Have you looked at what's going on in the hopper when you engage it? It closes off two of the 3 openings in the bottom completely  Just go over those spots again


----------



## JimmyD35 (Dec 2, 2020)

corneliani said:


> edixon88 said:
> 
> 
> > corneliani said:
> ...


You guys failed to update this potentially useful resource lol


----------



## mowww (Jan 16, 2018)

Here's a chart I find to be pretty useful/accurate. I feel like "standard grade" often falls between SGN 180-250 depending on manufacturer so YMMV depending on true SGN.

If the 2400 and 2600 are consistent then it should be applicable or at least provide a starting point for various products.


----------



## mjh648 (Sep 1, 2020)

quadmasta said:


> edixon88 said:
> 
> 
> > quadmasta said:
> ...


But for example if you wanted to do 4#/K total and wanted to do 2 perpendicular passes then you would go with the 2#/K setting right?


----------



## corneliani (Apr 2, 2019)

Updating this thread with my latest application of Scotts TurfBuilder. I went with 2#/1000 on #10. I think I could've bumped it up to a #12 and would've had it wrapped up in 1 pass.

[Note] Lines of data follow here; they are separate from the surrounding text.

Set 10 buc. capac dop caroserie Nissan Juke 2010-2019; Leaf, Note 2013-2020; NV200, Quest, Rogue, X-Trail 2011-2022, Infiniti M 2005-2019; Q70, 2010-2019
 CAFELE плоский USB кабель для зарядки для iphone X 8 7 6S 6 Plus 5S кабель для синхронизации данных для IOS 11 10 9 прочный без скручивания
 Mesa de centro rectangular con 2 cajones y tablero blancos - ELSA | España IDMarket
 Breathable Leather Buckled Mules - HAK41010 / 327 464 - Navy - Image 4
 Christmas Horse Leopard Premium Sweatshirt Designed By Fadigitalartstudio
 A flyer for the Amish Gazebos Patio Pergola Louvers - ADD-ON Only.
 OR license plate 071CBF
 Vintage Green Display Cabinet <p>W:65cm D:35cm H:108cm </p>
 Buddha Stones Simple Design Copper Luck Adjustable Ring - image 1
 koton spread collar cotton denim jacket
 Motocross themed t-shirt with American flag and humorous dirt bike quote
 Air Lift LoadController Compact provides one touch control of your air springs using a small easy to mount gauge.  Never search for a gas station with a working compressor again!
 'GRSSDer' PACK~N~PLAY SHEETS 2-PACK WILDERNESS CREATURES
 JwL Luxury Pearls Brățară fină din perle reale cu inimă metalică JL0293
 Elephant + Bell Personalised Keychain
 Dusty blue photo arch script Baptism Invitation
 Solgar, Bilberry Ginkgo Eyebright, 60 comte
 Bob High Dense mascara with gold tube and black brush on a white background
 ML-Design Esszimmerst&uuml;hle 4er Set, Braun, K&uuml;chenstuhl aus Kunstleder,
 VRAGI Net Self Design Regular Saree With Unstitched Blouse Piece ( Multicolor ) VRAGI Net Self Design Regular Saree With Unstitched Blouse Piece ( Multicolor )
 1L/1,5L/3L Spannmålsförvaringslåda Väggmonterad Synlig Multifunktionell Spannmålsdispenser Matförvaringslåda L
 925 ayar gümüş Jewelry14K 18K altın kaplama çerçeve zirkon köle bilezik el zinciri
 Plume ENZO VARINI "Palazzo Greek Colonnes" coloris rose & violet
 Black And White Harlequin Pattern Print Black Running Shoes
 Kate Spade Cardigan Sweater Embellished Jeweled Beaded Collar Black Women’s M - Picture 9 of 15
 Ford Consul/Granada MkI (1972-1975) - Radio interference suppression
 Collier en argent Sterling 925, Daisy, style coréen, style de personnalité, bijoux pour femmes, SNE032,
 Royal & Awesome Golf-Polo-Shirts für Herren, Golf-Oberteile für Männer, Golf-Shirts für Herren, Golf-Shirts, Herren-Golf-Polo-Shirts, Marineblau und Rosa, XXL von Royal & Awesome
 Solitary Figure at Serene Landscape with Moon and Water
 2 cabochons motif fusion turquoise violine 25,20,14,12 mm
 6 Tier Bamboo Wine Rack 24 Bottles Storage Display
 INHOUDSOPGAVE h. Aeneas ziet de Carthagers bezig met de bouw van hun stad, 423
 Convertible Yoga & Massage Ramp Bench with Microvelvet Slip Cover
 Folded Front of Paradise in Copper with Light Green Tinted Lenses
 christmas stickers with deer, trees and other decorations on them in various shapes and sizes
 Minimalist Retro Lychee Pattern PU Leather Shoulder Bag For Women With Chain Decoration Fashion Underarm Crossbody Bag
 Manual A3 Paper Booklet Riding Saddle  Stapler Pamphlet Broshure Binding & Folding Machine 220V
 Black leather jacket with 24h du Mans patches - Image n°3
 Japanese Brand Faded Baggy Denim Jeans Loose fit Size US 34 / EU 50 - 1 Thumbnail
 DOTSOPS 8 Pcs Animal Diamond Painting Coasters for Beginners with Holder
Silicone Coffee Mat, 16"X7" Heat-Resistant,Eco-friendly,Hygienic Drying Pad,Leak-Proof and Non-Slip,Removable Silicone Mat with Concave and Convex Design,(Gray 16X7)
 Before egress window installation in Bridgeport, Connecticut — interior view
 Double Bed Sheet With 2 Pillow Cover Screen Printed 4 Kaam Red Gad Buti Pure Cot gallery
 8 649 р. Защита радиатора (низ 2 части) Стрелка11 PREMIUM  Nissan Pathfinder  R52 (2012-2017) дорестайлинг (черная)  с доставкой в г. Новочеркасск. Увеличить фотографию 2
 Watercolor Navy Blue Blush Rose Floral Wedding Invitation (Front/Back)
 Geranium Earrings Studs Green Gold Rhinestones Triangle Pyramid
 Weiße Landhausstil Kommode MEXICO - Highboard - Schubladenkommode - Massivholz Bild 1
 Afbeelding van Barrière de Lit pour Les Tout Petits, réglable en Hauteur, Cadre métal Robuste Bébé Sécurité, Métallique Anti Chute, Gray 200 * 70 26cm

That #10 setting allowed me a few overlaps where I needed to give the turf some extra attention.


----------



## Olly Bee (6 mo ago)

Hey guys, the way I set my earthway 2600 is by doing the following at first

I take a bag of fertilizer lets say in this case it's Scott's fall lawn food 32-0-10 
I look at the bag and see that it has the following coverage written on the front 
23.1 lbs covers 8611 sq ft
I take those numbers and convert them so that I get to see how many pounds it takes to cover 1000sq ft

Using cross multiplication magic I get 2.7lbs per 1000sqft

Now… Look at chart 2 in this link 
https://www.earthway.com/wp-content/uploads/2021/01/Setting-Instructions.pdf

You will see that you get a setting of about roughly 13.6 for 2.7lbs per 1000sqft

Next determine how much to pour into the spreader by getting the area of your lawn, let's assume it is 1818sq ft

Do some cross multiplication again and you will see that for 1818 sq ft you need to pour about 4.9lbs into the spreader

By the end of your spreading the material that bucket should be empty
If it's not, the setting on your spreader needs to be slightly increased.

I don't know if you guys do it differently. But if do have a better process let us know


----------